OK, OK, the bakery in question is part of a chain, and combines bubble tea with baked goods and karaoke. It is not fancy, but who has eyes for decor when you're surrounded by buns and cream cakes?
Let us pause to applaud for Google.I got a Buttermilk Football, I know it looks a little plain in the photo (fluorescent lighting is no one's friend), but it's pretty hefty.
"Buttermilk", when you go to Asian bakeries, isn't the same as the buttermilk you see in a carton in the dairy aisle.
It is a crunchy, sweet, slightly salty mixture of butter, sugar, and milk powder that is stuffed into a sweet bread roll before baking. And jinkies, as Velma would say, I do love it.
I had my first buttermilk bun in Asia at a place called Angel Bakery. It had a brown brick front with fake wedding cakes in the windows, fancy five-tiered ones with white icing and ribbons and pink roses that I never got tired of looking at. (I remember craning my neck to look up at the windows because we started going there when I was a little girl.) They made the best buttermilk buns in the country.
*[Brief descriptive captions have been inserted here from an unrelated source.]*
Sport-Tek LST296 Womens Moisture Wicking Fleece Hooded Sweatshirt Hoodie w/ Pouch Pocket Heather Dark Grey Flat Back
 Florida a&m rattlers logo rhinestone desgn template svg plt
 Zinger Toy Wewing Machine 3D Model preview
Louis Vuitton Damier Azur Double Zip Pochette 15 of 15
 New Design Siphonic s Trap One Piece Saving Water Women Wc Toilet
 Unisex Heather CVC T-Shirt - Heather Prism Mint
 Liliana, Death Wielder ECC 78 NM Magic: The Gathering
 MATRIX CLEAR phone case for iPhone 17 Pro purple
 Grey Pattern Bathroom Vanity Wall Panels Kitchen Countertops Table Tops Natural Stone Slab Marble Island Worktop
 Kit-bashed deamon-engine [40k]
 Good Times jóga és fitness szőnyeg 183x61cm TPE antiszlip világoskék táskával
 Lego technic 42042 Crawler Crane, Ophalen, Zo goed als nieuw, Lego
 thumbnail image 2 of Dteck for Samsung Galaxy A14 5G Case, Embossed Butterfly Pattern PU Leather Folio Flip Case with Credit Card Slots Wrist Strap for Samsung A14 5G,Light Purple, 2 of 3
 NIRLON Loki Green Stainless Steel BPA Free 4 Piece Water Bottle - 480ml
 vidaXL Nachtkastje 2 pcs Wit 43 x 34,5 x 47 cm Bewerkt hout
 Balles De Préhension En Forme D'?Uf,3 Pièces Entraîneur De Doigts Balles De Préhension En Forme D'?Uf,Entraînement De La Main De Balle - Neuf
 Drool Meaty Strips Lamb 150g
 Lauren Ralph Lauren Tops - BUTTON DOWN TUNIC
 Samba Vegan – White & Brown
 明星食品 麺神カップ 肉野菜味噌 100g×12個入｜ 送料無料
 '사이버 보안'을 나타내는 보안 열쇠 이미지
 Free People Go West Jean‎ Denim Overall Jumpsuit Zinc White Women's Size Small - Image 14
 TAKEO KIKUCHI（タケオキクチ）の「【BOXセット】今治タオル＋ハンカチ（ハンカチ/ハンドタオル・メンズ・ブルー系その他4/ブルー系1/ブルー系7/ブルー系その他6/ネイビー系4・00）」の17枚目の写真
Angel Bakery was next to Lucky Chinese Restaurant, and Lucky Restaurant made the best sweet and sour fish IN THE WORLD.
Seriously, in all my years I have never had better sweet and sour fish. It is the benchmark against which I have measured all other sweet and sour fish dishes, and they have all FAILED.
After a meal at Lucky, we would stop by Angel Bakery (if it was still open), and I would always have a buttermilk bun for dessert. Remember that trip I took to South East Asia this year? We drove past Angel Bakery and Lucky Restaurant and they were still there. Awesome.
Hmm, I don't hold much hope for this buttermilk bun/football after all that nostalgia. Anyway, I am going to take it into the kitchen now, where I will cut it into slices and put it in the toaster oven.
If it's still not great, then I am going to bring in my secret weapon and very good friend, sweetened condensed milk.
Have you tried condensed milk on hot buttered toast? My salivary glands started working overtime just reading that last sentence.
Bye!
Update (20 minutes later): Well, it wasn't bad. A little hard, but I put it in the microwave for 20 seconds, which did the trick. It wasn't so bad I had to stop eating it, but it didn't make me eat so fast I ended up with crumbs in my hair either. And what's with the raisins? Who the heck puts raisins in buttermilk buns? Next time I'm going for the chocolate pie. It looks like a cinnamon scroll, but with chocolate.
Update (30 minutes after that): I have found a recipe for buttermilk buns on the Internet. I will not rest until I can make my own. This means I'll give the recipe a bash in two months time and fudge it.